To do »
The expected result is the run of lines from the one containing "Mansur Yavaş CHP'den" to the end of the listing, copied exactly.
►
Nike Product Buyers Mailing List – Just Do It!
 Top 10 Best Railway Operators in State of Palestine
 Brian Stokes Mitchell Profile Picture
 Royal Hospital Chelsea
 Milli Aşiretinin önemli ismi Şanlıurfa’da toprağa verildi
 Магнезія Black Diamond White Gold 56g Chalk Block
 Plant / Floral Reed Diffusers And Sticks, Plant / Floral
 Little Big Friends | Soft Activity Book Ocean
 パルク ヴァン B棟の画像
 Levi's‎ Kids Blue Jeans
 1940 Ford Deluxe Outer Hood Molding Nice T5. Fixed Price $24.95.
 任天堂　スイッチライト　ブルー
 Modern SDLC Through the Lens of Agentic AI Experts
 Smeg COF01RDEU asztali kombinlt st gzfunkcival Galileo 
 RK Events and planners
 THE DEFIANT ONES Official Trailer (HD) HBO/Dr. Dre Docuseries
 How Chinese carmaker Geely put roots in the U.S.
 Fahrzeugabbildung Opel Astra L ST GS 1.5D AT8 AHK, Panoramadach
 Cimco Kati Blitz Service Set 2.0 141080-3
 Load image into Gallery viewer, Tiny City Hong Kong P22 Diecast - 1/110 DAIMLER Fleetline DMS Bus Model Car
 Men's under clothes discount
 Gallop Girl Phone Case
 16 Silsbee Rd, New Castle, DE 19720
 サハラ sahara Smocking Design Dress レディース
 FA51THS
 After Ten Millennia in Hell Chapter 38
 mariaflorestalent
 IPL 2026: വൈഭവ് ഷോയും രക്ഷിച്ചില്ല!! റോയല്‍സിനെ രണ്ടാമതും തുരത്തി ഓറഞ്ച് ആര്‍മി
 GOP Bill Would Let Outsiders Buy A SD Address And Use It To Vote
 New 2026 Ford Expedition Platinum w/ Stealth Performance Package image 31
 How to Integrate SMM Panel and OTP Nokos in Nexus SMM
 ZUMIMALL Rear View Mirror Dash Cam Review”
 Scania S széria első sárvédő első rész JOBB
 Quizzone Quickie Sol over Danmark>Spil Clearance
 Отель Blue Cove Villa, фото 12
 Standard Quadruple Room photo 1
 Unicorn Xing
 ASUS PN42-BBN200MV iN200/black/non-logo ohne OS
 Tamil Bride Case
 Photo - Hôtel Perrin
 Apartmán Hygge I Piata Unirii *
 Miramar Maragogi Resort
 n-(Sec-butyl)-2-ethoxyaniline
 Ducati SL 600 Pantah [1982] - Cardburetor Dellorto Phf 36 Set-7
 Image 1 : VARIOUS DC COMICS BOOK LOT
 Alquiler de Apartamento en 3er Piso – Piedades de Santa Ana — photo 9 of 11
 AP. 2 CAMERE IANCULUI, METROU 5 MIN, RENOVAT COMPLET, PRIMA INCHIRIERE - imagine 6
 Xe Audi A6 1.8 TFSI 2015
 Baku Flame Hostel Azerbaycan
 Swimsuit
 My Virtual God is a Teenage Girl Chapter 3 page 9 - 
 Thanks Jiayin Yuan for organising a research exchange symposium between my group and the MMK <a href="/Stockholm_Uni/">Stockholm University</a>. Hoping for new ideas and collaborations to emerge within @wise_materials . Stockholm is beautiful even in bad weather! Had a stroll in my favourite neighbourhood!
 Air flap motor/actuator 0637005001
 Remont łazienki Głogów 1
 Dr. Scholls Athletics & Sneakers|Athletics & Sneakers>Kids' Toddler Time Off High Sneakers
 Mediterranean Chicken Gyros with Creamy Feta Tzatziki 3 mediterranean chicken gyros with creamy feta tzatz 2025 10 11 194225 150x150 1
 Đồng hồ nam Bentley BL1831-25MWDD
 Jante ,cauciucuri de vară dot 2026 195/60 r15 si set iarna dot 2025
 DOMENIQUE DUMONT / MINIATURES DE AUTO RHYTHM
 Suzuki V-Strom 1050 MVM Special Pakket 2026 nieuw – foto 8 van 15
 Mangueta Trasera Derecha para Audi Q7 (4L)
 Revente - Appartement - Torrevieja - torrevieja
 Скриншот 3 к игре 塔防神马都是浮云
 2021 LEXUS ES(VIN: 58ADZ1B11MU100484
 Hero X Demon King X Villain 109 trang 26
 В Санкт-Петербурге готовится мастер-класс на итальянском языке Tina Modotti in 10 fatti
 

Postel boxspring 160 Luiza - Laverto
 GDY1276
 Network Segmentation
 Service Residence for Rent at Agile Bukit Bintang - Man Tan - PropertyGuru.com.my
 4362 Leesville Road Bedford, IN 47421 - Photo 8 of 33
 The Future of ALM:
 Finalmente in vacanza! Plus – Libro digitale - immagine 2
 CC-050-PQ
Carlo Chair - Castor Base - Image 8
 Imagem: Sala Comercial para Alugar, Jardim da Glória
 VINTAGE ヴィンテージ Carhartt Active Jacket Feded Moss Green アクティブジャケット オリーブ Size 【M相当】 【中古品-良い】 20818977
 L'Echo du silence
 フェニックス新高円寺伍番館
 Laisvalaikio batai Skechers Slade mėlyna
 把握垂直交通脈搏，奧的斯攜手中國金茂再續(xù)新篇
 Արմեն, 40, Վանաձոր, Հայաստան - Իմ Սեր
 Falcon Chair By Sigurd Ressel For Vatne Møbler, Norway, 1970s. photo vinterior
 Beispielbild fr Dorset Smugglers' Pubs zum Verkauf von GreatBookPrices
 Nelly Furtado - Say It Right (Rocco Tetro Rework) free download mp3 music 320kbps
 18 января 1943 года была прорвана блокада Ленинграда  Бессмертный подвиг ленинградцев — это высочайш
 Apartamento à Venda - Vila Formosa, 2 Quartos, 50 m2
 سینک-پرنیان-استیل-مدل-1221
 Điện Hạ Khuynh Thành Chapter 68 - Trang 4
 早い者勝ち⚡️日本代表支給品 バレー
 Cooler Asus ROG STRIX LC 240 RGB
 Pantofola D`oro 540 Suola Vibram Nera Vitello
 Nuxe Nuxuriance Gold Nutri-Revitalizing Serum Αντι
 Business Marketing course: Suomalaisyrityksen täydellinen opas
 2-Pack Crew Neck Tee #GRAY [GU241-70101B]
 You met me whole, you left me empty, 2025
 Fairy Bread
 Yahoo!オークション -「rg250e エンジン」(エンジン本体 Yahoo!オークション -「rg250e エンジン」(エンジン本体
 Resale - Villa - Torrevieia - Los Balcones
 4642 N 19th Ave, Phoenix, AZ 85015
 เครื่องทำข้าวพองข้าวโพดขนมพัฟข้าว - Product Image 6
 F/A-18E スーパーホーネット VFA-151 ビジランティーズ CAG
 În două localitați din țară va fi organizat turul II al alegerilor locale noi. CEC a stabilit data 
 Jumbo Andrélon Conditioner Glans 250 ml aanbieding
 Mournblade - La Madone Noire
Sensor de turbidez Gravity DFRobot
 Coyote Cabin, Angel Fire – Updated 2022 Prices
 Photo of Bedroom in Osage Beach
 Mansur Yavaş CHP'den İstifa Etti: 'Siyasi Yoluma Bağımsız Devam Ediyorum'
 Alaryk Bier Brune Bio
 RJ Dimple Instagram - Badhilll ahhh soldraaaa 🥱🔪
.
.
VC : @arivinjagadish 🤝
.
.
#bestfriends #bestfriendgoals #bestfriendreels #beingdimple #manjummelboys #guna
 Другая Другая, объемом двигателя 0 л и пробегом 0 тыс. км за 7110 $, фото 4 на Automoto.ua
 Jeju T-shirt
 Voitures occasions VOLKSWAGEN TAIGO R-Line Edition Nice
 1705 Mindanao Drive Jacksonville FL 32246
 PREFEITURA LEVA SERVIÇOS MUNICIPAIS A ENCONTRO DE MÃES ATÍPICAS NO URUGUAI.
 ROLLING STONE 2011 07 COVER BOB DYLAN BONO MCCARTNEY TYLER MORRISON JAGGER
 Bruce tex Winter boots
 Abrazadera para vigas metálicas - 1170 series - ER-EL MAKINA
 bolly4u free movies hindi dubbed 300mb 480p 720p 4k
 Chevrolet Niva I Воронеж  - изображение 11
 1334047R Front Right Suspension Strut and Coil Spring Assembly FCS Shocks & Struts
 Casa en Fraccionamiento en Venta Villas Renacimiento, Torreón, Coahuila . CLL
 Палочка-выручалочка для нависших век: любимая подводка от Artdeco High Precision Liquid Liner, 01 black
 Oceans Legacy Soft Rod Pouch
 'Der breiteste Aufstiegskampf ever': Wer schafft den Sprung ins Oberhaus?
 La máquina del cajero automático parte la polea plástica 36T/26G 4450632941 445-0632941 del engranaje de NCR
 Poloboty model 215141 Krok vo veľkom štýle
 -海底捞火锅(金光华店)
◄
Solution to the exercise »
 Mansur Yavaş CHP'den İstifa Etti: 'Siyasi Yoluma Bağımsız Devam Ediyorum'
 Alaryk Bier Brune Bio
 RJ Dimple Instagram - Badhilll ahhh soldraaaa 🥱🔪
.
.
VC : @arivinjagadish 🤝
.
.
#bestfriends #bestfriendgoals #bestfriendreels #beingdimple #manjummelboys #guna
 Другая Другая, объемом двигателя 0 л и пробегом 0 тыс. км за 7110 $, фото 4 на Automoto.ua
 Jeju T-shirt
 Voitures occasions VOLKSWAGEN TAIGO R-Line Edition Nice
 1705 Mindanao Drive Jacksonville FL 32246
 PREFEITURA LEVA SERVIÇOS MUNICIPAIS A ENCONTRO DE MÃES ATÍPICAS NO URUGUAI.
 ROLLING STONE 2011 07 COVER BOB DYLAN BONO MCCARTNEY TYLER MORRISON JAGGER
 Bruce tex Winter boots
 Abrazadera para vigas metálicas - 1170 series - ER-EL MAKINA
 bolly4u free movies hindi dubbed 300mb 480p 720p 4k
 Chevrolet Niva I Воронеж  - изображение 11
 1334047R Front Right Suspension Strut and Coil Spring Assembly FCS Shocks & Struts
 Casa en Fraccionamiento en Venta Villas Renacimiento, Torreón, Coahuila . CLL
 Палочка-выручалочка для нависших век: любимая подводка от Artdeco High Precision Liquid Liner, 01 black
 Oceans Legacy Soft Rod Pouch
 'Der breiteste Aufstiegskampf ever': Wer schafft den Sprung ins Oberhaus?
 La máquina del cajero automático parte la polea plástica 36T/26G 4450632941 445-0632941 del engranaje de NCR
 Poloboty model 215141 Krok vo veľkom štýle
 -海底捞火锅(金光华店)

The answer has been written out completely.